:: Work to complete ::
Output all of the records exactly, word for word.

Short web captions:
....
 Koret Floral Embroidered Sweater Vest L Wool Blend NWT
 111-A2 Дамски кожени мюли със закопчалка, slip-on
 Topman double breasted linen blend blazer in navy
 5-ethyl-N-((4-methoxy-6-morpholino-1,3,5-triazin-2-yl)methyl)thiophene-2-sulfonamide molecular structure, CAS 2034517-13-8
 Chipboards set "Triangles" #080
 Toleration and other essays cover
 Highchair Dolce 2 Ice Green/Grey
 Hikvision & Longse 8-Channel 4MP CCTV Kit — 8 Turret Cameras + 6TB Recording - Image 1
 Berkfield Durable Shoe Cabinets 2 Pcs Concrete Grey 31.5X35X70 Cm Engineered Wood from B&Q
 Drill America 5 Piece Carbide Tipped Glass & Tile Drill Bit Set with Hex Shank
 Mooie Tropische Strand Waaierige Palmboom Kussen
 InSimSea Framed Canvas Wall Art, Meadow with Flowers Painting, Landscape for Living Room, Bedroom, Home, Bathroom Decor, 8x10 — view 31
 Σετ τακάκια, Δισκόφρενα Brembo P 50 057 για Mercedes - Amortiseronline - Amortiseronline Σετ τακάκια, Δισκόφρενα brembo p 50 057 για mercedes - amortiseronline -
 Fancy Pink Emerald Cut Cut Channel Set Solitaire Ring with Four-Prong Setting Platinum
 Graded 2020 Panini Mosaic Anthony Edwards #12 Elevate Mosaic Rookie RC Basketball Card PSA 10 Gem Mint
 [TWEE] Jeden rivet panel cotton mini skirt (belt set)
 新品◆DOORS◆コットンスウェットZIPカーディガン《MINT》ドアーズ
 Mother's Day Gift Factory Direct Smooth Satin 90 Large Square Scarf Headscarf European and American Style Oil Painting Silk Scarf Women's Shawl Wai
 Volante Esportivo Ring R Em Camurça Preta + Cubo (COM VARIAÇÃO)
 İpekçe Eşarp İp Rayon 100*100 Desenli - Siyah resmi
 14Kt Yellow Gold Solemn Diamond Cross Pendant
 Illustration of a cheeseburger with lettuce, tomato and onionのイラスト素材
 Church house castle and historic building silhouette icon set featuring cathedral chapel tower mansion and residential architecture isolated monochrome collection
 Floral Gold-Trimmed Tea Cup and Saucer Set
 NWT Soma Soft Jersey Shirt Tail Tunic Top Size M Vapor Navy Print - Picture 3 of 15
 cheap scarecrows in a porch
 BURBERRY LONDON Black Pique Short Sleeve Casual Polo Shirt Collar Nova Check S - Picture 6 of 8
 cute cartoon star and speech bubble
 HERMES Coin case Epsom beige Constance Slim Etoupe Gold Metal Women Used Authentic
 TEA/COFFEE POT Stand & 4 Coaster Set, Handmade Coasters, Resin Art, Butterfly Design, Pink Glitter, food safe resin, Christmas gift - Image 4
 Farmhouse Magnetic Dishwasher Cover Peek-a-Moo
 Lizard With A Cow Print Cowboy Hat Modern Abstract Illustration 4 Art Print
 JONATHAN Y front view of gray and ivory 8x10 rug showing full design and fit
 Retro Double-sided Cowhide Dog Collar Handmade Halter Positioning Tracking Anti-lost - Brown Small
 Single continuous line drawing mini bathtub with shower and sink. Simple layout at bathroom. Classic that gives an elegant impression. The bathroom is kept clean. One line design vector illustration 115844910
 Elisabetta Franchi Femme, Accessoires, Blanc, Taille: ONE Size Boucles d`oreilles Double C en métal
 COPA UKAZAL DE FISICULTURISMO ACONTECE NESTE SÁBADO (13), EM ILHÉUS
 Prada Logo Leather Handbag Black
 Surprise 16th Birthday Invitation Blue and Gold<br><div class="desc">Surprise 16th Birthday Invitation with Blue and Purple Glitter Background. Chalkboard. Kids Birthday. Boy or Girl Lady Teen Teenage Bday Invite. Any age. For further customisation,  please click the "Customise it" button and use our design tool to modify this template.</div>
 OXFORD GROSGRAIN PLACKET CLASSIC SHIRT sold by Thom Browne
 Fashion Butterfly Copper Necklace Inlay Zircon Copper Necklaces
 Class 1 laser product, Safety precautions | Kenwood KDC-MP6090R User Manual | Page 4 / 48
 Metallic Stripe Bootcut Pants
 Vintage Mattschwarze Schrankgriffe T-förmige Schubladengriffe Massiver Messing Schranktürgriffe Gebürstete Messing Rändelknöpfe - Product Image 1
....
:: Solution ::
 Koret Floral Embroidered Sweater Vest L Wool Blend NWT
 111-A2 Дамски кожени мюли със закопчалка, slip-on
 Topman double breasted linen blend blazer in navy
 5-ethyl-N-((4-methoxy-6-morpholino-1,3,5-triazin-2-yl)methyl)thiophene-2-sulfonamide molecular structure, CAS 2034517-13-8
 Chipboards set "Triangles" #080
 Toleration and other essays cover
 Highchair Dolce 2 Ice Green/Grey
 Hikvision & Longse 8-Channel 4MP CCTV Kit — 8 Turret Cameras + 6TB Recording - Image 1
 Berkfield Durable Shoe Cabinets 2 Pcs Concrete Grey 31.5X35X70 Cm Engineered Wood from B&Q
 Drill America 5 Piece Carbide Tipped Glass & Tile Drill Bit Set with Hex Shank
 Mooie Tropische Strand Waaierige Palmboom Kussen
 InSimSea Framed Canvas Wall Art, Meadow with Flowers Painting, Landscape for Living Room, Bedroom, Home, Bathroom Decor, 8x10 — view 31
 Σετ τακάκια, Δισκόφρενα Brembo P 50 057 για Mercedes - Amortiseronline - Amortiseronline Σετ τακάκια, Δισκόφρενα brembo p 50 057 για mercedes - amortiseronline -
 Fancy Pink Emerald Cut Cut Channel Set Solitaire Ring with Four-Prong Setting Platinum
 Graded 2020 Panini Mosaic Anthony Edwards #12 Elevate Mosaic Rookie RC Basketball Card PSA 10 Gem Mint
 [TWEE] Jeden rivet panel cotton mini skirt (belt set)
 新品◆DOORS◆コットンスウェットZIPカーディガン《MINT》ドアーズ
 Mother's Day Gift Factory Direct Smooth Satin 90 Large Square Scarf Headscarf European and American Style Oil Painting Silk Scarf Women's Shawl Wai
 Volante Esportivo Ring R Em Camurça Preta + Cubo (COM VARIAÇÃO)
 İpekçe Eşarp İp Rayon 100*100 Desenli - Siyah resmi
 14Kt Yellow Gold Solemn Diamond Cross Pendant
 Illustration of a cheeseburger with lettuce, tomato and onionのイラスト素材
 Church house castle and historic building silhouette icon set featuring cathedral chapel tower mansion and residential architecture isolated monochrome collection
 Floral Gold-Trimmed Tea Cup and Saucer Set
 NWT Soma Soft Jersey Shirt Tail Tunic Top Size M Vapor Navy Print - Picture 3 of 15
 cheap scarecrows in a porch
 BURBERRY LONDON Black Pique Short Sleeve Casual Polo Shirt Collar Nova Check S - Picture 6 of 8
 cute cartoon star and speech bubble
 HERMES Coin case Epsom beige Constance Slim Etoupe Gold Metal Women Used Authentic
 TEA/COFFEE POT Stand & 4 Coaster Set, Handmade Coasters, Resin Art, Butterfly Design, Pink Glitter, food safe resin, Christmas gift - Image 4
 Farmhouse Magnetic Dishwasher Cover Peek-a-Moo
 Lizard With A Cow Print Cowboy Hat Modern Abstract Illustration 4 Art Print
 JONATHAN Y front view of gray and ivory 8x10 rug showing full design and fit
 Retro Double-sided Cowhide Dog Collar Handmade Halter Positioning Tracking Anti-lost - Brown Small
 Single continuous line drawing mini bathtub with shower and sink. Simple layout at bathroom. Classic that gives an elegant impression. The bathroom is kept clean. One line design vector illustration 115844910
 Elisabetta Franchi Femme, Accessoires, Blanc, Taille: ONE Size Boucles d`oreilles Double C en métal
 COPA UKAZAL DE FISICULTURISMO ACONTECE NESTE SÁBADO (13), EM ILHÉUS
 Prada Logo Leather Handbag Black
 Surprise 16th Birthday Invitation Blue and Gold<br><div class="desc">Surprise 16th Birthday Invitation with Blue and Purple Glitter Background. Chalkboard. Kids Birthday. Boy or Girl Lady Teen Teenage Bday Invite. Any age. For further customisation,  please click the "Customise it" button and use our design tool to modify this template.</div>
 OXFORD GROSGRAIN PLACKET CLASSIC SHIRT sold by Thom Browne
 Fashion Butterfly Copper Necklace Inlay Zircon Copper Necklaces
 Class 1 laser product, Safety precautions | Kenwood KDC-MP6090R User Manual | Page 4 / 48
 Metallic Stripe Bootcut Pants
 Vintage Mattschwarze Schrankgriffe T-förmige Schubladengriffe Massiver Messing Schranktürgriffe Gebürstete Messing Rändelknöpfe - Product Image 1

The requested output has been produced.